Graff se echó atrás en su asiento y miró con asombro a Rubin por un momento, antes de responder.
—¿Justificar mi existencia? —dijo con un tono un tanto alto—. Escuche, usted se va a la calle y les echa una mirada a las ridículas personas que pasan. ¿Ha entrado en un ascensor y les ha escuchado hablar? Escucha tres cosas. Tres. “¿Qué viste en la televisión anoche?”, “¿Dónde irás de vacaciones?”, y “¿Crees que los Mets ganarán hoy?”. Eso es, si es que pueden hablar. ¿Debería justificar mi existencia? Que ellos justifiquen su existencia, y yo justificaré la mía. No antes.
Rubin asintió.
—Hay algo en lo que usted dice.
Trumbull interrumpió.
—¿Sabes? Jeff tiene razón acerca de ti. ¿Estás seguro de ser Emmanuel Rubin, o eres un doble enviado aquí a ponernos locos con desacostumbrada dulzura?
—Recibí noticias ayer de una muy buena venta de libros en rústica —dijo Rubin—, por lo tanto estoy de buen humor, pero no presumo de ello. Por ejemplo, lo diré cortésmente sólo una vez, y no volveré sobre el tema. Ahora, Herb, poniendo la pregunta de la justificación de su existencia fuera de juicio, ¿qué es lo que hace?

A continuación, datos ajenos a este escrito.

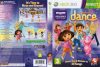 KINECT Nickelodeon Dance Xbox 360 / Használt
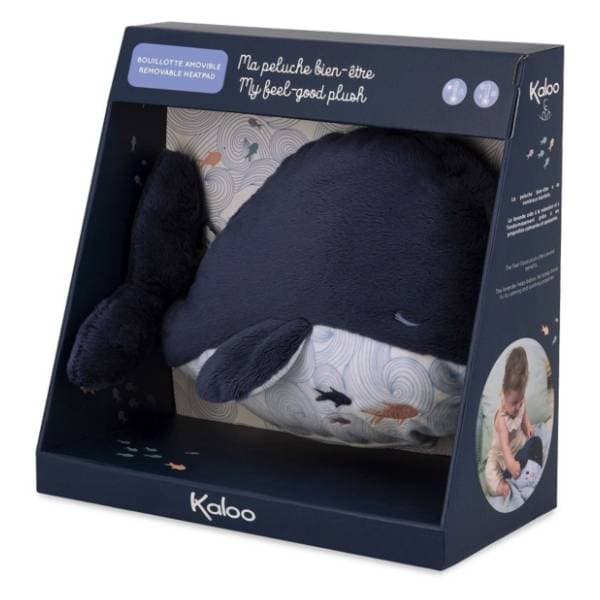 Plišana lutka za uspavljivanje Kit KALOO 0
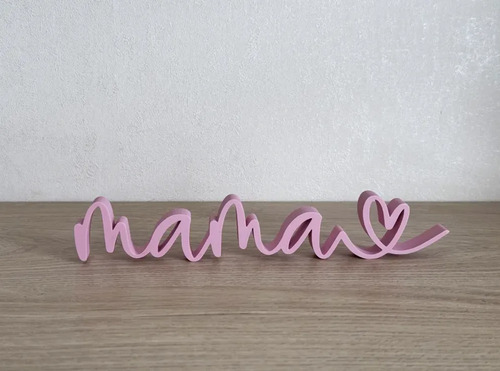 Figura Decorativa Del Día De La Madre - Foto 3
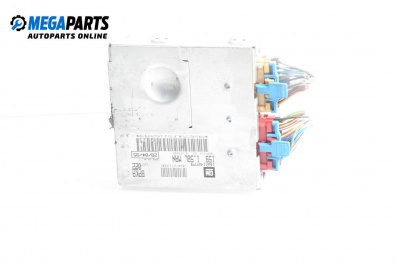 ECU for Lancia Dedra Station Wagon (07.1994 - 07.1999) 1.6 (835EB), 90 hp, № 159 1.58L MAN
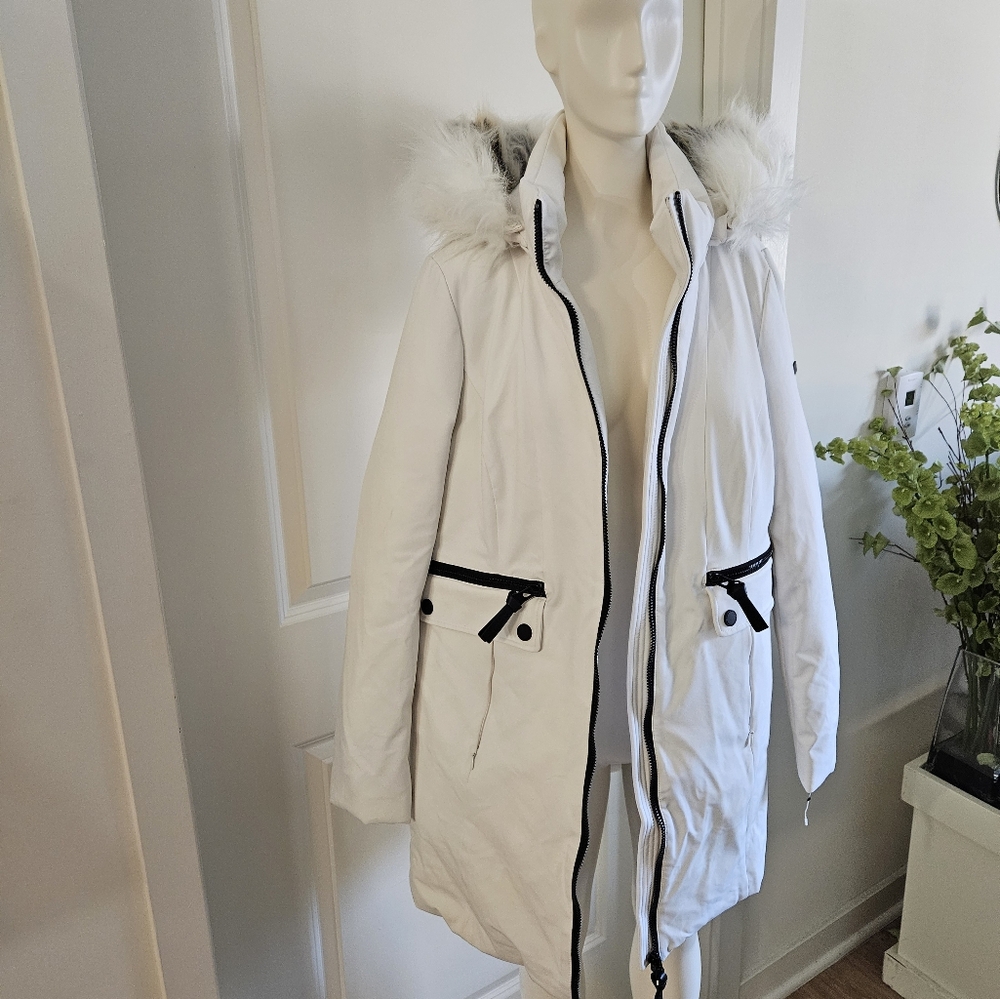 Derek Lam 10 Crosby Coat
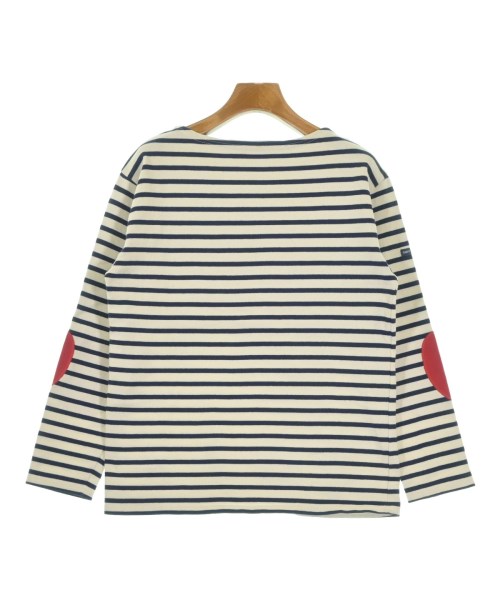 SAINT JAMES(セントジェームス)Tシャツ・カットソー 白 サイズ:SM/2200663278299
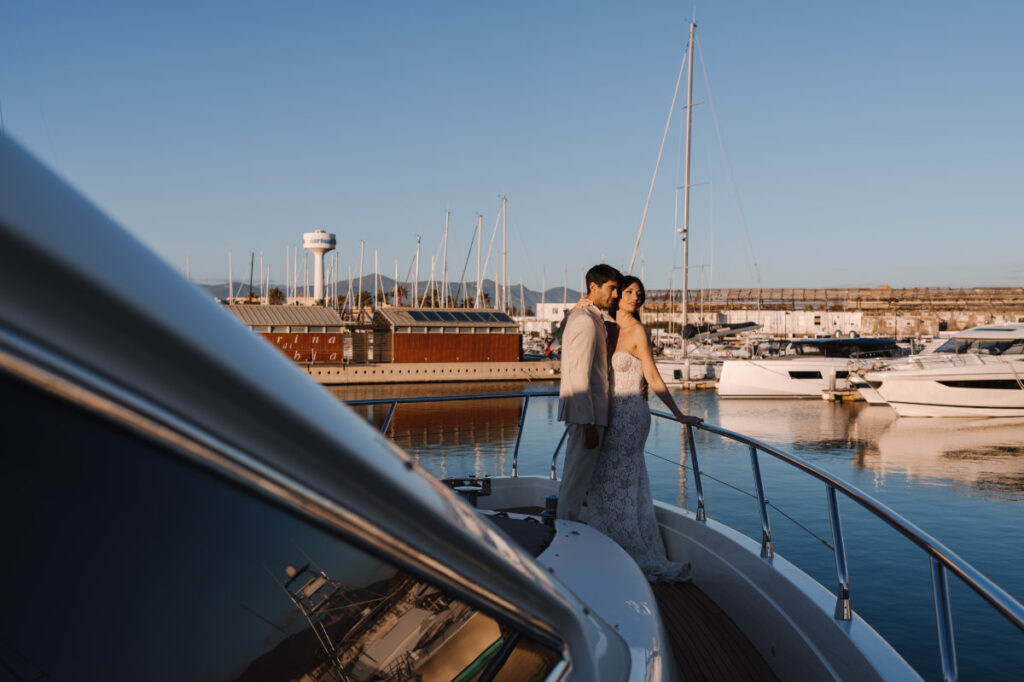 Styled in Naples: A Wedding Shoot for Style-Savvy Couples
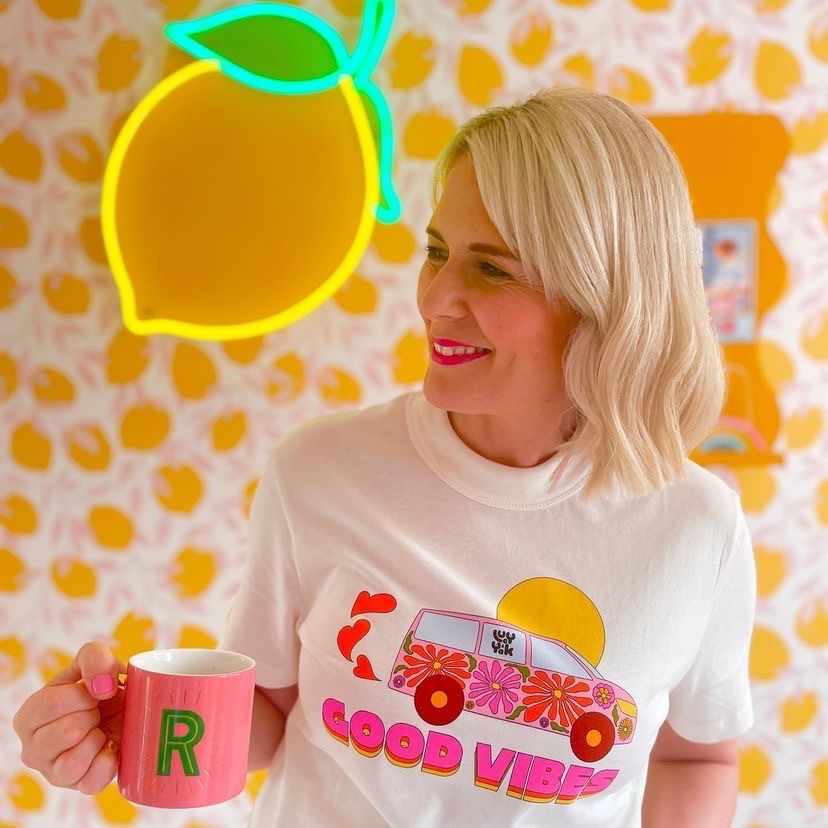 Lemon - LED neon sign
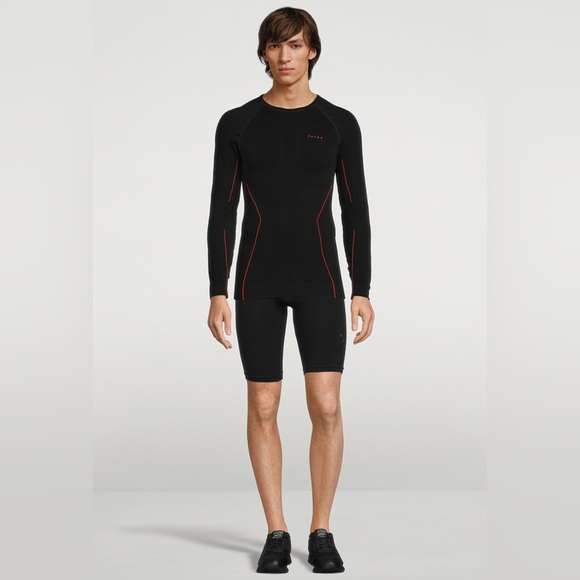 FALKE Ergonomic Tight Compression Shorts - Picture 4 of 12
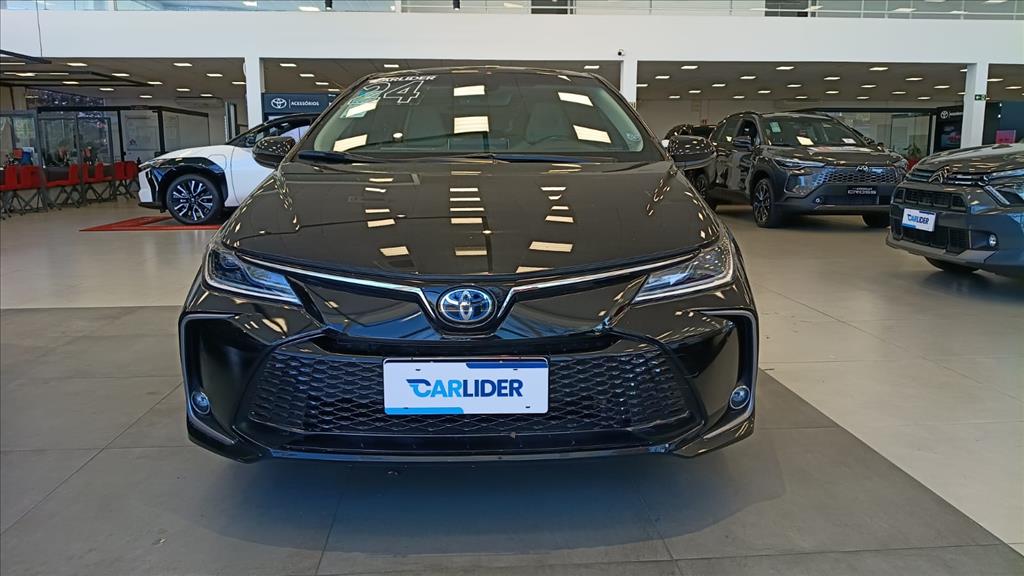 COROLLA 1.8 VVT-I HYBRID FLEX ALTIS PREMIUM CVT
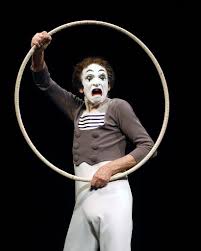 Marcel Marceau - "Bip is the romantic and burlesque hero for our time. Bip  is a modern-day Don Quixote." Marcel Marceau | Facebook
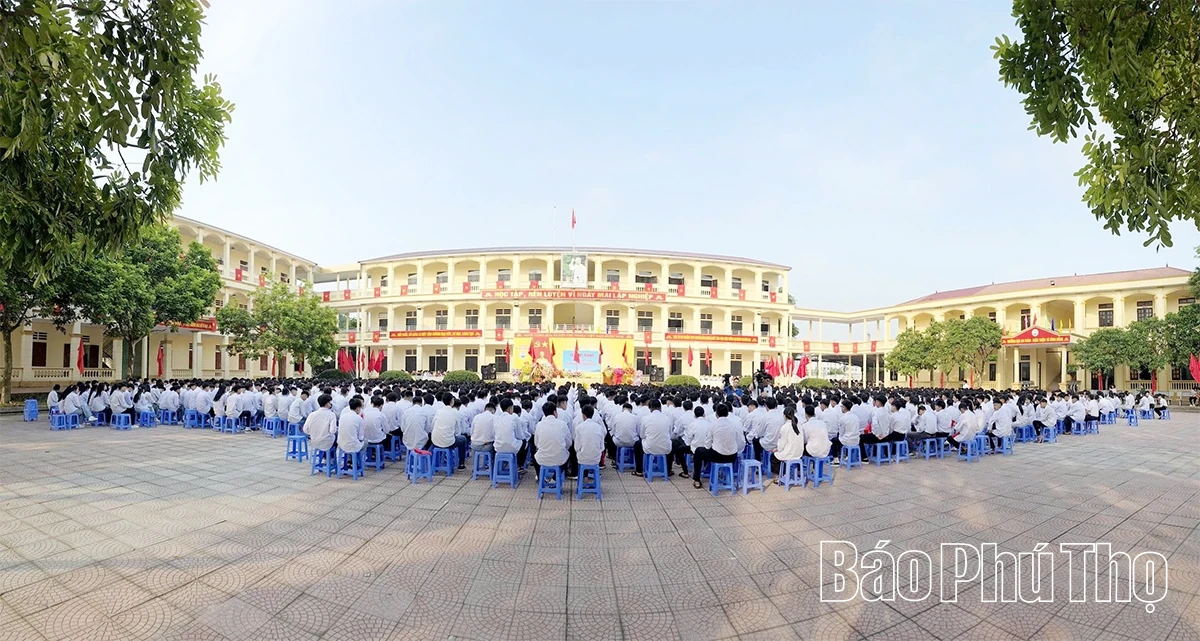 Các trường tổ chức Lễ khai giảng năm học mới 2025 – 2026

—Soy un maven en películas —dijo Graff.
—¿Un qué? —murmuró Gonzalo.
—Maven —dijo Rubin— es del yidish, por “experto”.
—¿Quiere decir que hace películas? —dijo Gonzalo.
—No realmente —dijo Graff—. Hablo sobre ellas. Tengo, o puedo obtener, casi todas las películas viejas que han sido hechas y mostrarlas, o mostrar partes, y conferencio sobre ellas. A las personas les gusta. Hago viajes de conferencias, especialmente en campus universitarios, y me gano la vida. Henry, dígale a estos señores acerca de mis conferencias.
El rostro sesentón y sin arrugas de Henry cambió brevemente a una sonrisa gentil.
—Fue una velada por cierto entretenida. Creo que la audiencia, en general, lo disfrutó.
—Allí lo tienen —dijo Graff—, un testimonio sincero. Pero lo mismo podría estar haciendo realmente una película, o ayudando a que otro la haga, si tan sólo pudiera imaginarme cómo manejar a los locos.
—¿Qué clase de película? —preguntó Rubin.
—Realmente, Gilbert y Sullivan —dijo Graff, con lo que parecía un rastro de embarazo—. Estuve hablando de eso a Jeff Avalon de camino hacia aquí y eso fue lo que lo puso —deberán perdonar la expresión— en onda musical.
—¿Hay dinero invertido en películas de Gilbert y Sullivan? —preguntó Drake, escéptico—. Pensaría que sólo tiene un pequeño culto de seguidores.
—Más de los que piensa —dijo Graff—, pero tiene razón. No se pueden hacer una extravagancia colosal de ellos. Pero entonces no se tienen que gastar diez millones de dólares. Se puede hacer en pequeña escala. Se ha hecho ya. Kenny Benny cantó Manki-Poo en una versión filmada de The Mikado, y fue cortado en cintas por todos los tipos de D”Oyly Carte que lo patrocinaban. El problema es que no se puede hacer mucho con Gilbert y Sullivan excepto filmar la obra en el escenario. No se puede cambiar la música ni las letras o el argumento, porque tan pronto se cambia algo ya no es Gilbert y Sullivan, y uno no llega a ningún lado. Entonces, si sólo se va a filmar la obra, no se toma ventaja del poder de la cámara y ¿dónde está uno?